- [TASK DESCRIPTION]:
Your task is to return all of the records exactly, minus any images.

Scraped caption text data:
○ ○ ○ ○ ○

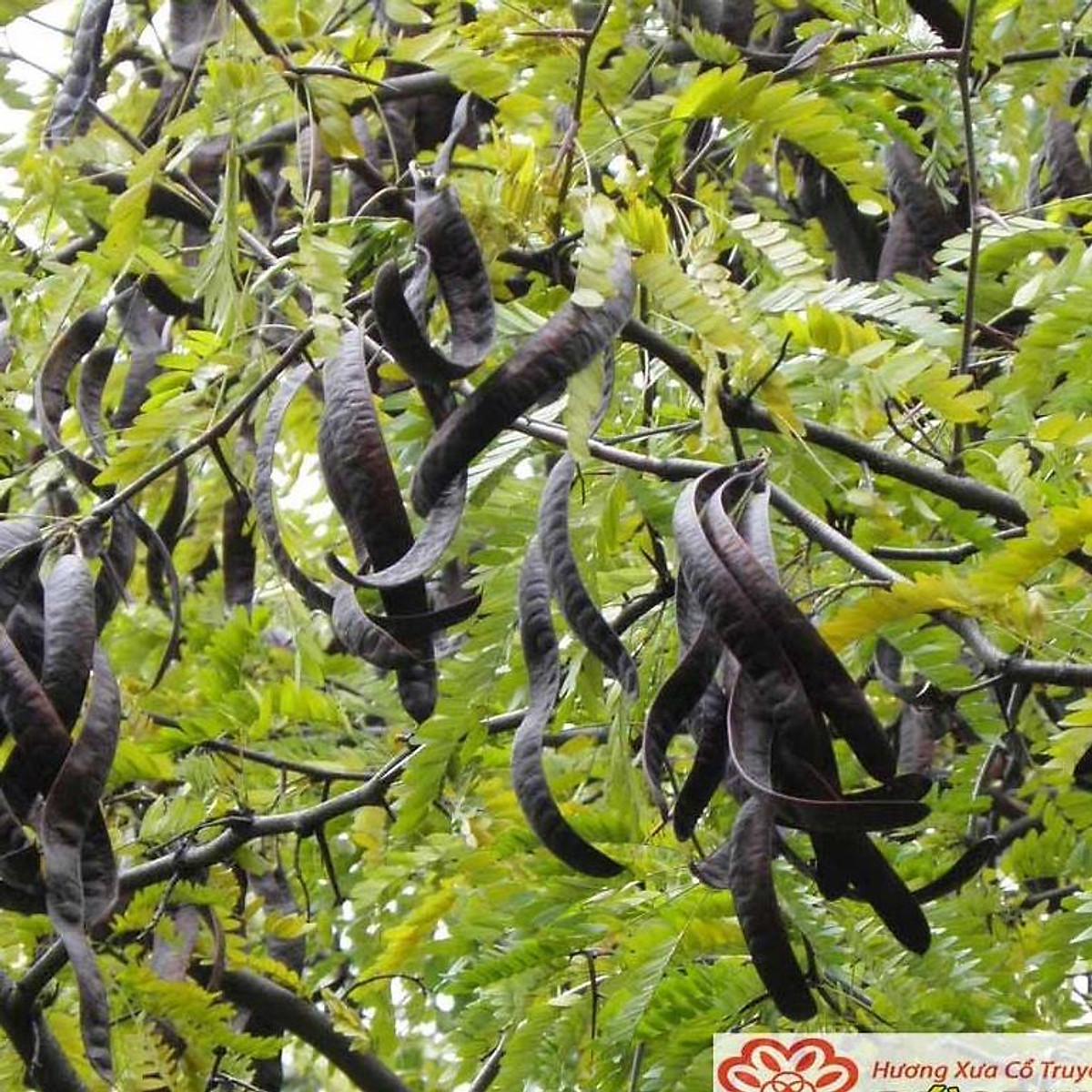 Hạt giống Cây Bồ Kết Cây- ( gói 10 Hạt)-CBK - Hạt giống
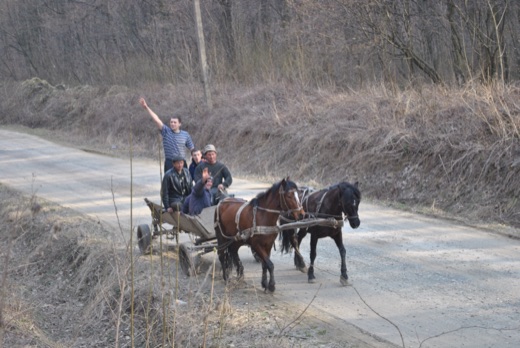 DSC_4772.JPG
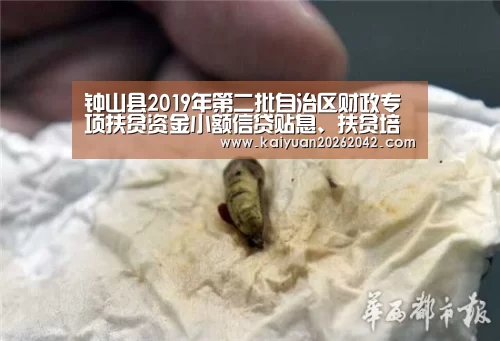 开元娱乐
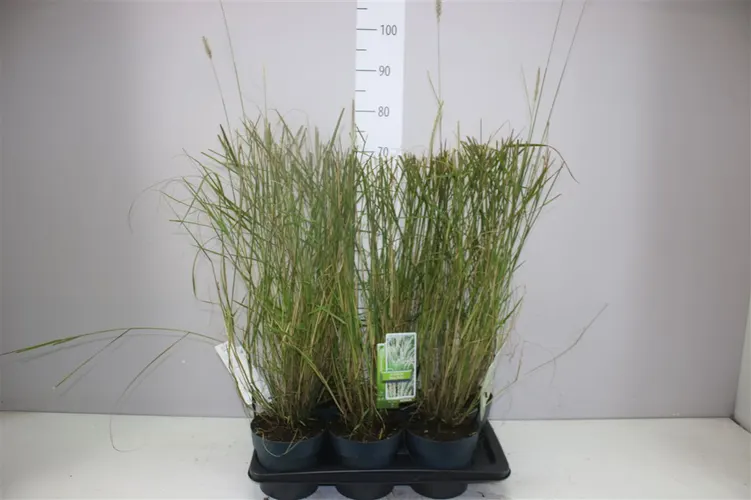 Záhradné rastliny (Garden Plants)
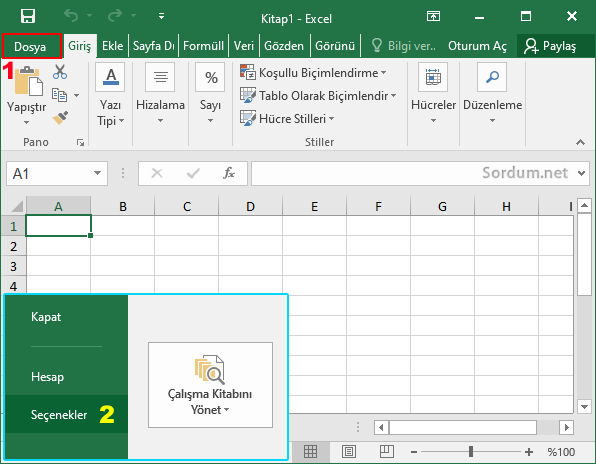 Excel Dosya seçenekleri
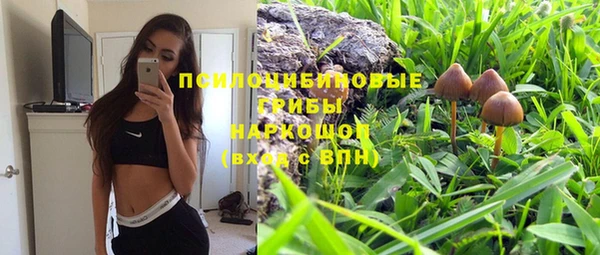 ешки Абаза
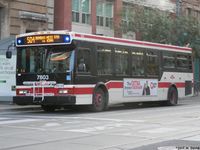 TTC 7803.jpg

○ ○ ○ ○ ○

- [EXERCISE RESPONSE]:
 Hạt giống Cây Bồ Kết Cây- ( gói 10 Hạt)-CBK - Hạt giống
 DSC_4772.JPG
 开元娱乐
 Záhradné rastliny (Garden Plants)
 Excel Dosya seçenekleri
 ешки Абаза
 TTC 7803.jpg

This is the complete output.